Comment Re:Yes (Score 1) 183

My "desktop" is a combination of a server and a workstation. I have a ZFS array in it with 6x spinning rust and 2x fast SSD's. (No nvme as of yet..next motherboard iteration) Because of the ZFS pool, and the way I have the drives set up, I just have to install the OS, install ZFS drivers if not supported by the OS "out of the box", and import the ZFS pool. I'm using raidz2, with SSD's for read and write cache, so I get excellent performance on top of having great resilience. (can withstand loss of 2 drives without data corruption.) I don't have any use for tablets... everything I can do there, I can do on my phone. I don't upgrade those often, as I'm not the type who ends up smashing screens all the time. ;) As for backups... I backup some of the filesystems from the ZFS array to USB drives. That way, on top of raidz2's resilience, I also have a backup. My most important items are also tarballed, GPG'd, and pushed into two different free cloud storage tiers, auto-rotating the backups over time. (I'm a DevOps engineer, so of course it's automated.) =D

Comment Yes (Score 4, Interesting) 183

My current motherboard has had it's CPU upgraded, it's RAM upgraded, video, USB, disk controller... all upgraded. This is the fifth motherboard that's been in this case. The third power supply. Every disk in it has been replaced at some point... but it's been continuously in service, 24/7/365, with some downtime here & there for various reasons... maybe downtime totalling 2 months... since 2003 or so. There's really no reason in the world that things can be made to be upgraded & repaired... except that companies want to make that much more money because you have to buy the whole thing. Even my MacBook Pro has been upgraded several times, although what could be upgraded is a bit limited. It's a tradeoff between portability and upgradability... but it's nonetheless been upgraded. The first time I upgraded a computer, it was a Commodore 64... so it's not exactly a new thing for me. :)

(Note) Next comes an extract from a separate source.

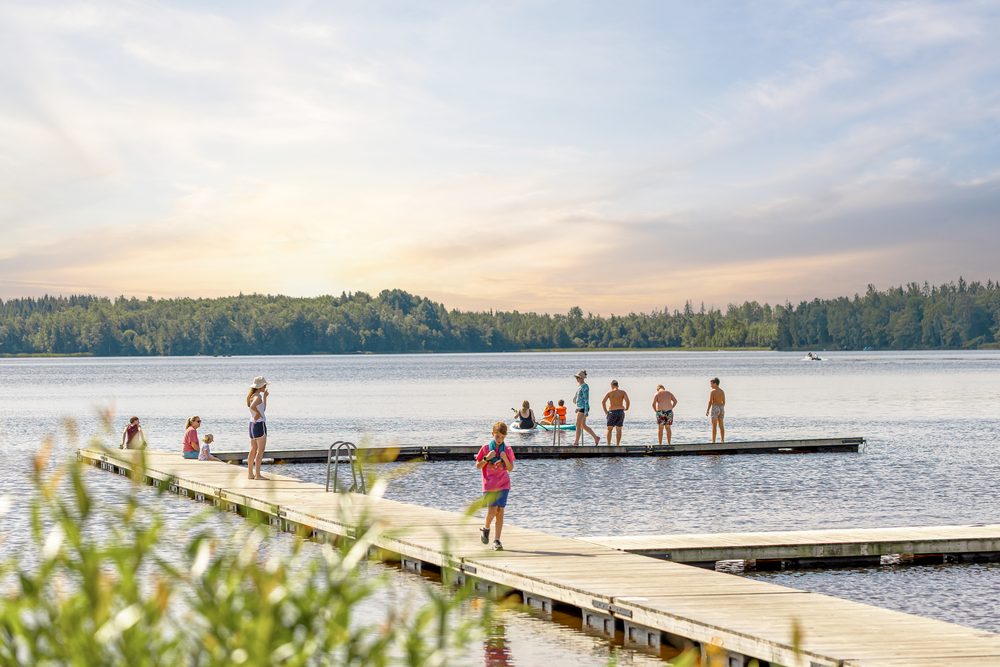 Badbrygga vid en sjo i kvallsljus med badande i vattnet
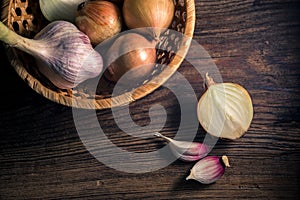 Raw organic onions and garlic on rustic wooden background. Selective focus.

Comment I find... (Score 1) 159

I find, that on a dedicated firewall appliance (or cluster of same), at least with the ones I've used regularly in the past, (Juniper SSG series, Palo Alto, Fortigate), The way things are broken down helps me to visualise what I'm doing.... what rules attach to what etc.. I find that if I'm having to do it all in my head (such as with iptables, pf, ipf, firewalld etc.., which I've also used plenty) that I have to re-examine the configuration several times before I understand exactly where I want to add/remove/modify something. It's especially useful if there's more than one piece to a particular "firewall rule" I don't think I'd want to try and administer a "next-gen" firewall such as a Palo Alto with a CLI as the primary means of control. (although I want it available to me!)